Could you give again exactly, and only, the lines from the one holding "39-U-14 Subroto Mukerjee" through the end of the data, both ends included, with pictures left out?

◆ AVAILABLE DATA:

□ □ □ □ □ □ □

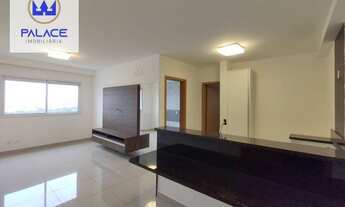 Imagem 3: Apartamento com 1 dormitório para alugar, 41 m² por R$ 1.765,00/mês - Centro - Piracicaba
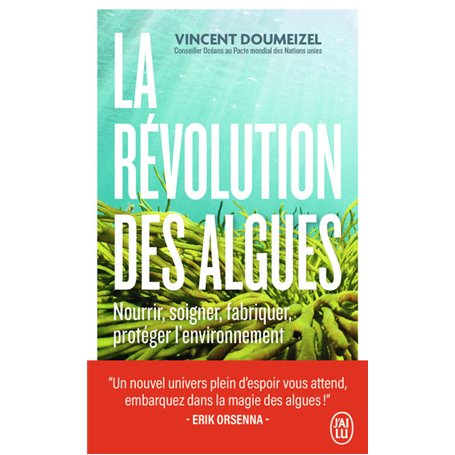 La révolution des algues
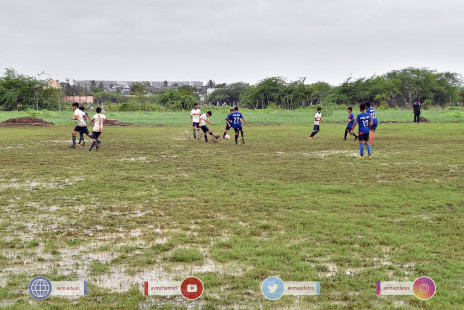 39-U-14 Subroto Mukerjee Football Tournament 2023-24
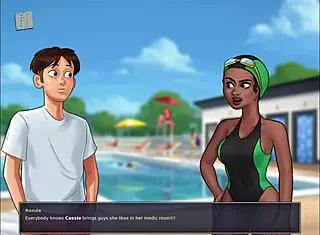 Summertime Saga Chapter 171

□ □ □ □ □ □ □

◆ WRITTEN SOLUTION:
 39-U-14 Subroto Mukerjee Football Tournament 2023-24
 Summertime Saga Chapter 171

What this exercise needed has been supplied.